What you are asked to do:
Starting at the line that contains "ロング!!［珊瑚ネックレス5点おまとめ］a 重量約272g サンゴ", reproduce only the lines through the end of the data, exactly, including both the first and the last; skip the pictures.

Supplied material:
********************

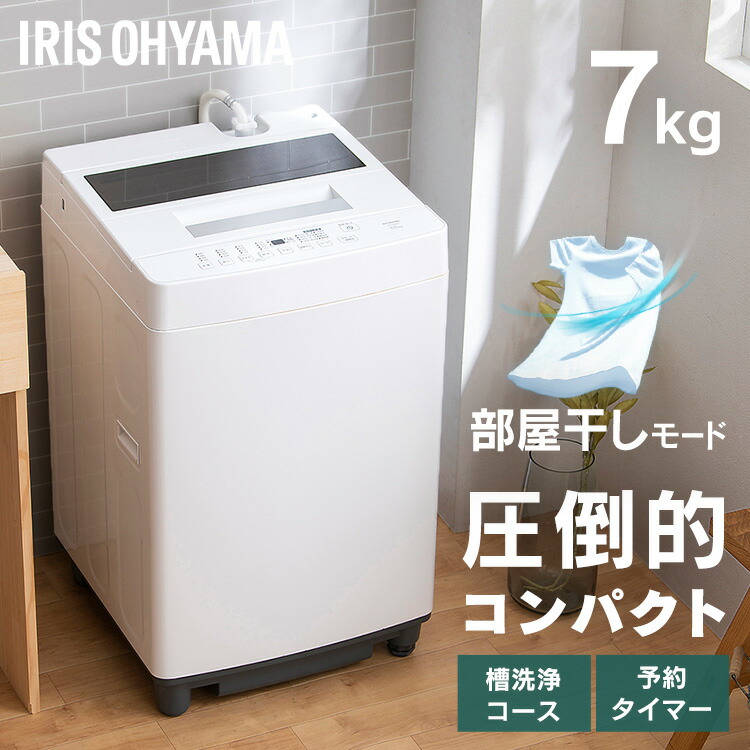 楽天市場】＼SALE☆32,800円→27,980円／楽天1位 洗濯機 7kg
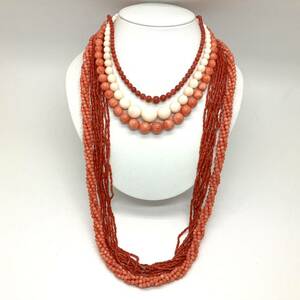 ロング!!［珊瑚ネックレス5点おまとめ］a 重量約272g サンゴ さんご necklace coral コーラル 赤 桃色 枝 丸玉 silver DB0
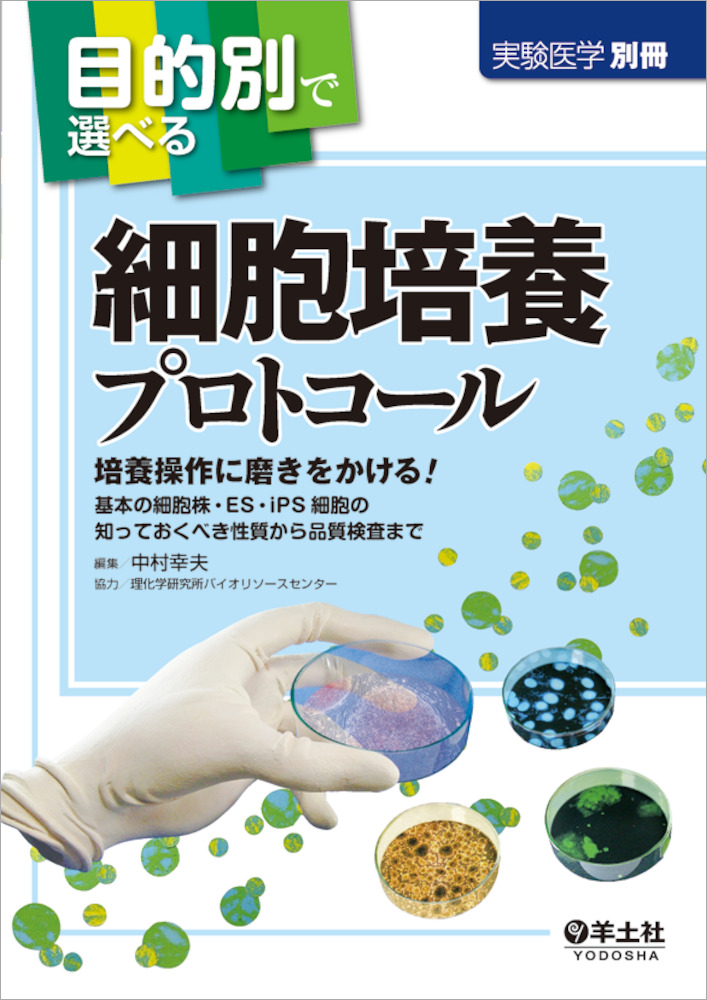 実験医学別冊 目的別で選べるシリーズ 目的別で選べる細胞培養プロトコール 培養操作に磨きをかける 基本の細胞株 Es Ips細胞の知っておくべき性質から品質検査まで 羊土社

********************

Finished task:
 ロング!!［珊瑚ネックレス5点おまとめ］a 重量約272g サンゴ さんご necklace coral コーラル 赤 桃色 枝 丸玉 silver DB0
 実験医学別冊 目的別で選べるシリーズ 目的別で選べる細胞培養プロトコール 培養操作に磨きをかける 基本の細胞株 Es Ips細胞の知っておくべき性質から品質検査まで 羊土社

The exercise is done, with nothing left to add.